390
Opinion of the Court
"would necessarily imply that the only legally enforceable obligation assumed by the state under the consent decree was that of ultimately achieving minimal constitutional prison standards. . . . Substantively, this would do violence to the obvious intention of the parties that the decretal obligations assumed by the state were not confined to meeting minimal constitutional requirements. Procedurally, it would make necessary, as this case illustrates, a constitutional decision every time an effort was made either to enforce or modify the decree by judicial action." Plyler v. Evatt, 924 F. 2d 1321, 1327 (CA4 1991).
While a decision that clarifies the law will not, in and of itself, provide a basis for modifying a decree, it could constitute a change in circumstances that would support modification if the parties had based their agreement on a misunderstanding of the governing law. For instance, in Pasadena City Bd. of Ed. v. Spangler, 427 U. S. 424, 437-438 (1976), we held that a modification should have been ordered when the parties had interpreted an ambiguous equitable decree in a manner contrary to the District Court's ultimate interpretation and the District Court's interpretation was contrary to intervening decisional law. And in Nelson v. Collins, 659 F. 2d 420, 428-429 (1981) (en banc), the Fourth Circuit vacated an equitable order that was based on the assumption that double bunking of prisoners was per se unconstitutional.

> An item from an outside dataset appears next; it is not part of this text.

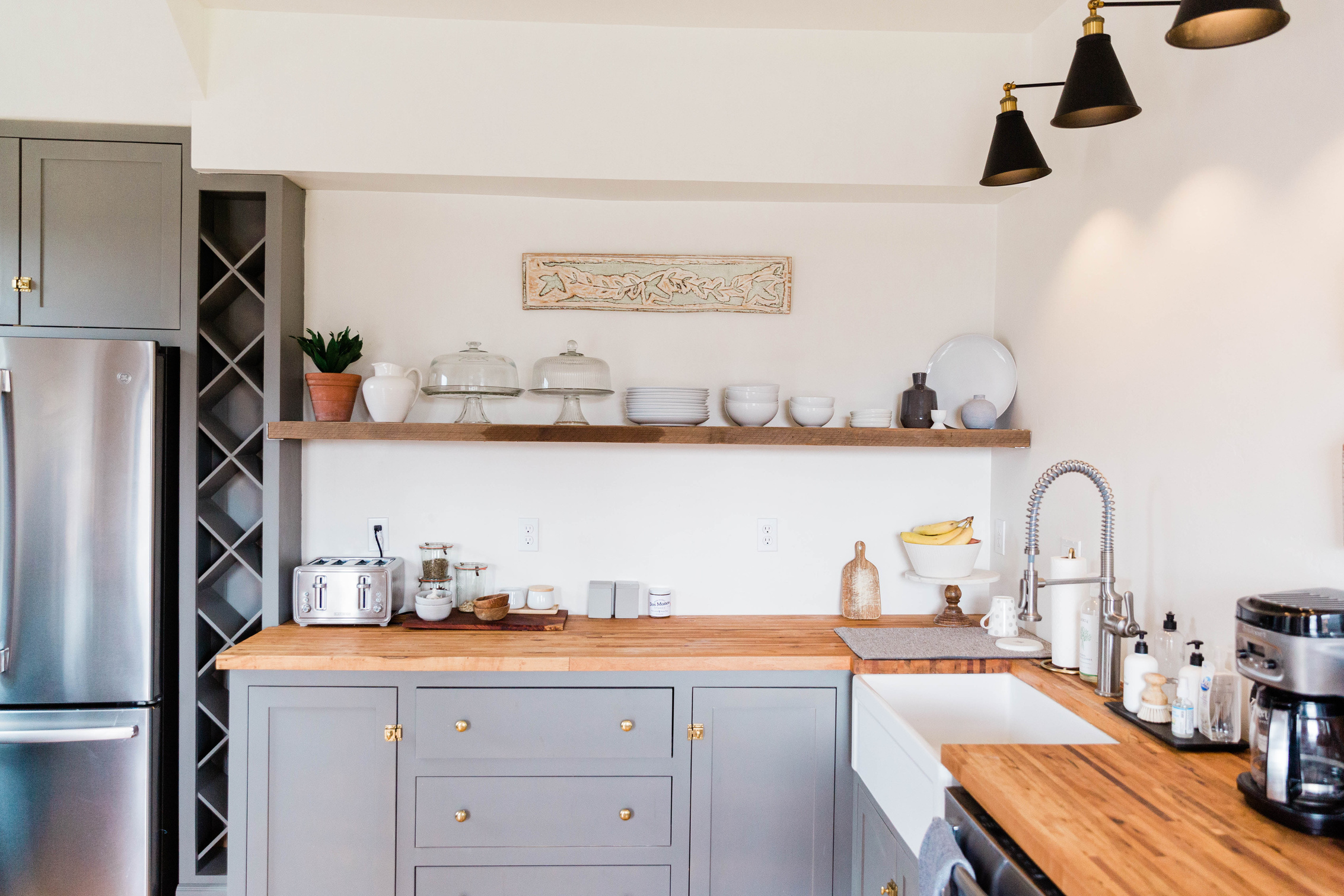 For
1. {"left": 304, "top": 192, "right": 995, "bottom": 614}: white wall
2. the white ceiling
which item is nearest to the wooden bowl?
{"left": 304, "top": 192, "right": 995, "bottom": 614}: white wall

Thus, if the sheriff and commissioner could establish on remand that the parties to the consent decree believed that single celling of pretrial detainees was mandated by the Constitution, this misunderstanding of the law could form a basis for modification. In this connection, we note again, see supra, at 375, that the decree itself recited that it "sets forth a program which is both constitutionally adequate and constitutionally required." (Emphasis added.)